What age should you break a horse to drive? Immature horses etc.

What age should you break a horse to drive? Immature horses etc.


Seren is a three year old mare that we broke to drive. Although she is going happily in single out on the roads, in a rubber bit, in our opinion she needs to go home
and physically mature before starting a full driving career. At
the moment her quarters are higher than her withers,
meaning she should grow a bit taller and although she has coped willingly with what we have asked her to do we feel that progressing any further with
her training will only make her sour. She needs to
devote her energy to growing up physically rather than working. Some people might
say from looking at the film that she does not
need further training as she is fully broken, but she is not
done to the standard we normally produce as there are still things we need
consolidate in her training. However in our opinion she needs some time off to
finish growing which will then allow her to focus
mentally on the job in hand therefore it is not fair to push her on any further just for the sake of completing the training. We want to give horses a good start to
their driving career; as well as the quality of training they
receive this also means taking into account their mental state and their actual age. For example some
horses are not mentally mature even at six though they might be
physically mature. This is why we do not believe in
breaking horses to harness as yearlings; they might be easier to train because
they are not physically able to resist but this does not prove any standard of horsemanship. There’s plenty that can be done with young horses to give them a
good start in life, for example getting them used to hosepipes, having their feet handled, rugs put on, tying up and leading calmly, loading into a lorry or trailer – all of which are necessary purely for owning a horse whether it is used for riding or driving
or kept as a field ornament. Some horses can be boisterous and need something to occupy their minds with at a young age and even in those that are young mentally, doing things with them as stated allows your horse to have a good introduction to the world in general without putting
it under undue physical strain. It is however important to differentiate
between horses that are not physically or mentally
capable of doing the work, and those that simply do not want to.
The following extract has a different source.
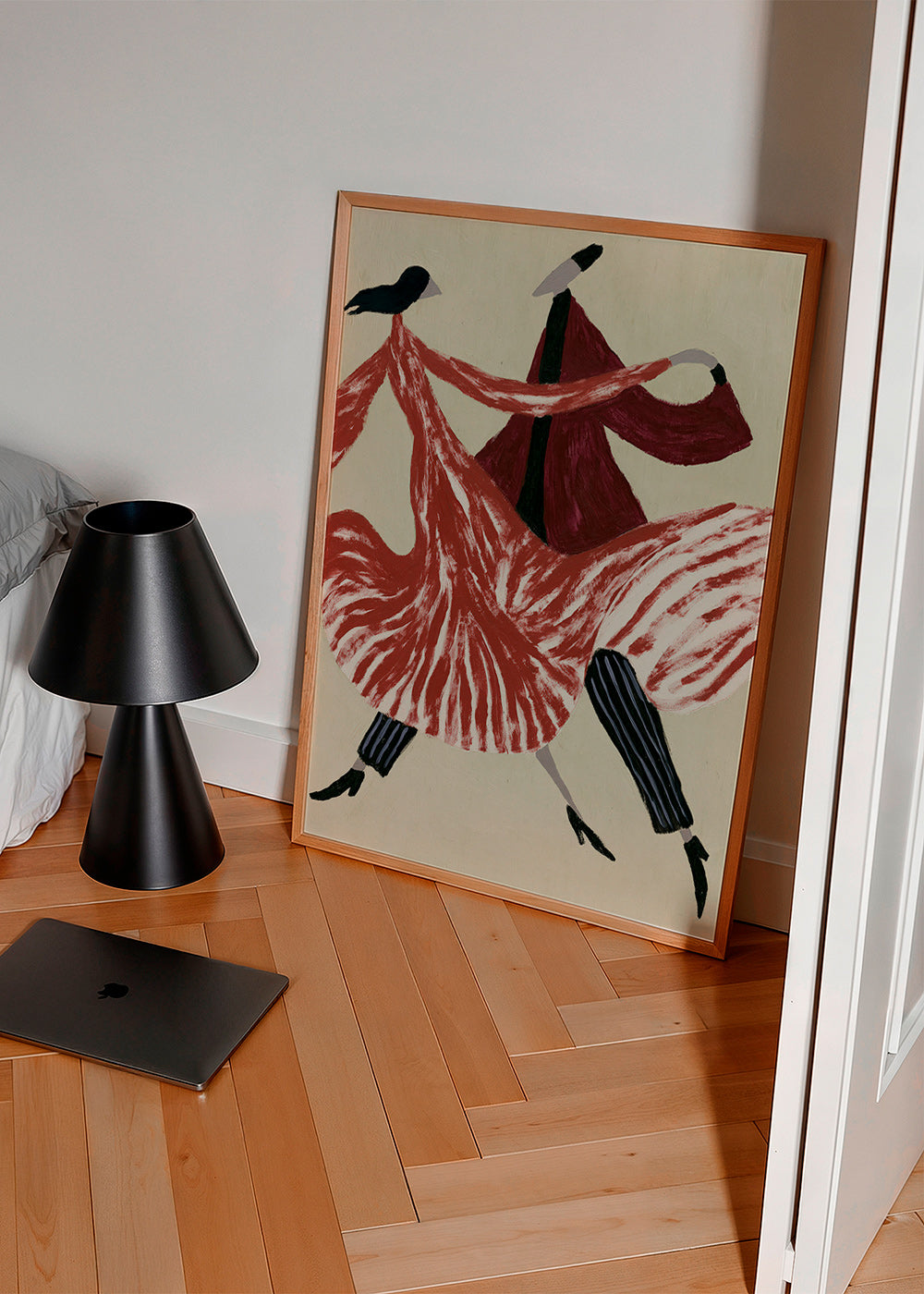Abstrakt kunstværk med dansende figurer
All we can do is advise in our opinion what the best course of action would be with the particular horse we are training. In Seren’s case, her quick adaptation to harness work was
greatly assisted by the fact that her owners bought her up well. She has good manners, a friendly, willing, calm nature and was easily handled. Here Sarah is on the reins showing that she can drive Seren happily in a rubber bit out on the roads. Although Seren copes happily going past the tractor, she is not fit enough to go into town
yet and see the heavier traffic which is something we will focus on when
she returns to us for a refresher course after her break.

18 thoughts on “What age should you break a horse to drive? Immature horses etc.

  1. I fully agree.  One of the luxuries of breaking your own horse is that it doesn't have to be done in a number of weeks.  One of the best horses I ever broke, I put in harness as a yearling, having done much ground work with her as a baby.  She rarely worked more than 15 minutes in a session, and often not more than an hour in a week.  She learned to stand, be clipped, have her feet handled, lead, be harnessed and hitched and drive up and down a long driveway and in the fields.  She wasn't put into serious work until she was four.  She turned 33 last week, and she is still in light use.  She has never forgotten those early lessons even for a moment, but she was never asked to work hard before she was able.

  2. What is your opinion on breaking in older horses to harness? I have a 3 year old miniature who I don't think is mentally mature enough to be harness-broke yet but would still like to in the future. I am also considering training my 7 year old welsh D mare but I won't be able to for another year at least.

  3. I think that's brilliant though really, as too many people/trainers just want to get the job done and be paid for it, and some sending back a horse that's unfinished in it's training for what the owner paid for. I've heard so many horror stories of times people have sent horses off to trainers. But i love watching your videos, as this is how it should be done. You can't make horses grow any quicker than their bodies will allow, just like with a human you wouldn't push your own body too far, so why push an animals. 🙂 Thanks for sharing this video.

  4. What do you do if an owner doesn't agree or doesn't bring their horse back after taking it home for a rest?

  5. in most of your videos you use  4 wheeled carts, is there a reason you dont use 2 wheeled Gigs? I would be interested to know your views on this.

  6. I feel that the horse be a happy when Sarah drive it because she doesn't use the whip at her driving and she deal with the horse gently.